As I understand your query, you're only getting possible duplicates on profiles because of the many-to-many join to integrations (which you're using to determine which profiles to access).

Because of that, you can use a new GROUP BY feature as of 9.1:

When GROUP BY is present, it is not valid for the SELECT list expressions to refer to ungrouped columns except within aggregate functions or if the ungrouped column is functionally dependent on the grouped columns, since there would otherwise be more than one possible value to return for an ungrouped column. A functional dependency exists if the grouped columns (or a subset thereof) are the primary key of the table containing the ungrouped column.

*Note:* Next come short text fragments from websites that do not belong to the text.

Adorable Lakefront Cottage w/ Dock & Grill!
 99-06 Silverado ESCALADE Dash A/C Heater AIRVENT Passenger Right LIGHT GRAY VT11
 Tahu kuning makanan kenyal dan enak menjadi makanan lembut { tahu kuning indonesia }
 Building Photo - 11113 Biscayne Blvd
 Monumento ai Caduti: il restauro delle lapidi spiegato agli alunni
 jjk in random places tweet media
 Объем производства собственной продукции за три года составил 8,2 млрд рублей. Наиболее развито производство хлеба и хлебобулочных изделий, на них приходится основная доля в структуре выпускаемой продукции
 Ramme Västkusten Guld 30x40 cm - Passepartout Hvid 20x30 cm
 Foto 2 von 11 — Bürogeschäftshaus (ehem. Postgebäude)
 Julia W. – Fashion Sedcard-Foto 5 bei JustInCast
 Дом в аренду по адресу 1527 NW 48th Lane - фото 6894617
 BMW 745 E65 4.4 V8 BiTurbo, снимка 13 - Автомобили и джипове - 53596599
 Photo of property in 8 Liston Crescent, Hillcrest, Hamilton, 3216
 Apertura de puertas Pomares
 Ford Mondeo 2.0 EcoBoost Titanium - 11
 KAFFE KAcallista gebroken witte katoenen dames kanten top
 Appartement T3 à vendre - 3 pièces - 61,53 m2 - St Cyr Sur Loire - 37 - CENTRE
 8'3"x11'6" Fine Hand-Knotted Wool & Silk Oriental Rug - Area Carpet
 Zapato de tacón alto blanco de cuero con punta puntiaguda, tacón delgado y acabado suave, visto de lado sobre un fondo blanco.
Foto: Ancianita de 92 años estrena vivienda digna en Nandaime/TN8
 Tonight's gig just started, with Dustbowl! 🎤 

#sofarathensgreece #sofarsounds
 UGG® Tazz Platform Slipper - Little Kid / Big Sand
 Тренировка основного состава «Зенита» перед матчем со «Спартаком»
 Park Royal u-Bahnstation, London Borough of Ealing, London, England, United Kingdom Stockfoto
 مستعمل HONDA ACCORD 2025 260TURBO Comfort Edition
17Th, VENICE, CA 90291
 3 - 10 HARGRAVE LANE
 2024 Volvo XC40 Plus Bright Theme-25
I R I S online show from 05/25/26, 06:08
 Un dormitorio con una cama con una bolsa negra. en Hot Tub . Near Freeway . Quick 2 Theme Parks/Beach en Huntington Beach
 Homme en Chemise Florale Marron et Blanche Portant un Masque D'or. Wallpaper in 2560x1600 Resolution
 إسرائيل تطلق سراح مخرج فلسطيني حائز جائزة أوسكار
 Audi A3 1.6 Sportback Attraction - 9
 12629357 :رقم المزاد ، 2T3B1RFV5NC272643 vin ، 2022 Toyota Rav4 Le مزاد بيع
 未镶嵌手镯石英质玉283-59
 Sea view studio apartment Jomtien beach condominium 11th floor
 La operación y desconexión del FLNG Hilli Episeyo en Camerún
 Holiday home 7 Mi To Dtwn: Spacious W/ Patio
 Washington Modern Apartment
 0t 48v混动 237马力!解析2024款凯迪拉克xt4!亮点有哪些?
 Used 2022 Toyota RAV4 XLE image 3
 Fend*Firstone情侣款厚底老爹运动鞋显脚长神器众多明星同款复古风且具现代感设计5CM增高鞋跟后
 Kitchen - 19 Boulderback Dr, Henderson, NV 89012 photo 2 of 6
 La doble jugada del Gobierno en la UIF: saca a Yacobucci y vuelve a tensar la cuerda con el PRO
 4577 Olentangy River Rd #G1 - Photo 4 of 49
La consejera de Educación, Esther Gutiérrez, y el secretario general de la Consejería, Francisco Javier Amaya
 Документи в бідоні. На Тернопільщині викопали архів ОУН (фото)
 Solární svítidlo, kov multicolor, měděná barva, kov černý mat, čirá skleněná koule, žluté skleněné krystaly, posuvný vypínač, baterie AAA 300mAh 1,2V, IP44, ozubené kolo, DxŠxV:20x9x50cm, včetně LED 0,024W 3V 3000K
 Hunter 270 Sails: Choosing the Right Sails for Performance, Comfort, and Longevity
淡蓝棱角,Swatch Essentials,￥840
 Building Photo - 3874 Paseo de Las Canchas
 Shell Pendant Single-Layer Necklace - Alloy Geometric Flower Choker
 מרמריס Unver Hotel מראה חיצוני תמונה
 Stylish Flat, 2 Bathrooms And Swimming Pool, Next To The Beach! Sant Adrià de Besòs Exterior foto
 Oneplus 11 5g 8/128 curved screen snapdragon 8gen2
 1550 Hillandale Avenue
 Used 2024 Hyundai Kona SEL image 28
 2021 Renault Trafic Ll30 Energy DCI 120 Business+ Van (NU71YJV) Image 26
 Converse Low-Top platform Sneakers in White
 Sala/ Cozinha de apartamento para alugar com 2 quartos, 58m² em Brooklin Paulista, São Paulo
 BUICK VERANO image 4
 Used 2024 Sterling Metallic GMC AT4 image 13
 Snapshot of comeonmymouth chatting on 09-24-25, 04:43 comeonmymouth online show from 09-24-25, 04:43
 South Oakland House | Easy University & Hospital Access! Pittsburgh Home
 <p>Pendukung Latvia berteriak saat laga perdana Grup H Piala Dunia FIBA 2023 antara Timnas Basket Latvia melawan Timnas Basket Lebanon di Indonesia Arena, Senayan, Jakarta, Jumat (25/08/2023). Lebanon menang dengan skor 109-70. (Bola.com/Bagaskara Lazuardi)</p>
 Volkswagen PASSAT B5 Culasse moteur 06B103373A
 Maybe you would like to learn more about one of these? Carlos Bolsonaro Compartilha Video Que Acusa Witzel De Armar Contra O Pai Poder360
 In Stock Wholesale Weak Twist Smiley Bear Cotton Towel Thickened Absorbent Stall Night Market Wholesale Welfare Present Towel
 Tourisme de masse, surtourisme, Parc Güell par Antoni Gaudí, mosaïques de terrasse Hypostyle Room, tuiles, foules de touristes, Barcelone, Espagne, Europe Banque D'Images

So in your case, you could get Ruby to create the query (sorry, I don't know the Ruby syntax you're using)...

SELECT profiles.* 
FROM "profiles" 
  INNER JOIN "integration_profiles" ON "profiles"."id" = "integration_profiles"."profile_id" 
  INNER JOIN "integrations" ON "integration_profiles"."integration_id" = "integrations"."id" 
WHERE "integrations"."user_id" = $1
GROUP BY "profiles"."id"

I only removed the DISTINCT from your SELECT clause and added the GROUP BY.

By referring ONLY to the id in the GROUP BY, you take advantage of that new feature because all the remaining profiles columns are "functionally dependent" on that id primary key.

Somehow, wonderfully that avoids the need for Postgres to do equality checks on the dependent columns (ie your json column in this case).

The DISTINCT ON solution is also great, and clearly sufficient in your case, but you can't use aggregate functions like array_agg with it. You CAN with this GROUP BY approach. Happy days! :)


The reason behind this, is that in PostgreSQL (up to 9.3) there is no equality operator defined for json (i.e. val1::json = val2::json will always throw this exception) -- in 9.4 there will be one for the jsonb type.

One workaround is, you can cast your json field to text. But that won't cover all json equalitions. f.ex. {"a":1,"b":2} should be equal to {"b":2,"a":1}, but won't be equal if casted to text.

Another workaround is (if you have a primary key for that table -- which should be) you can use the DISTINCT ON (<expressions>) form:

u.profiles.select("DISTINCT ON (profiles.id) profiles.*")

Note: One known caveat for DISTINCT ON:

The DISTINCT ON expression(s) must match the leftmost ORDER BY expression(s). The ORDER BY clause will normally contain additional expression(s) that determine the desired precedence of rows within each DISTINCT ON group.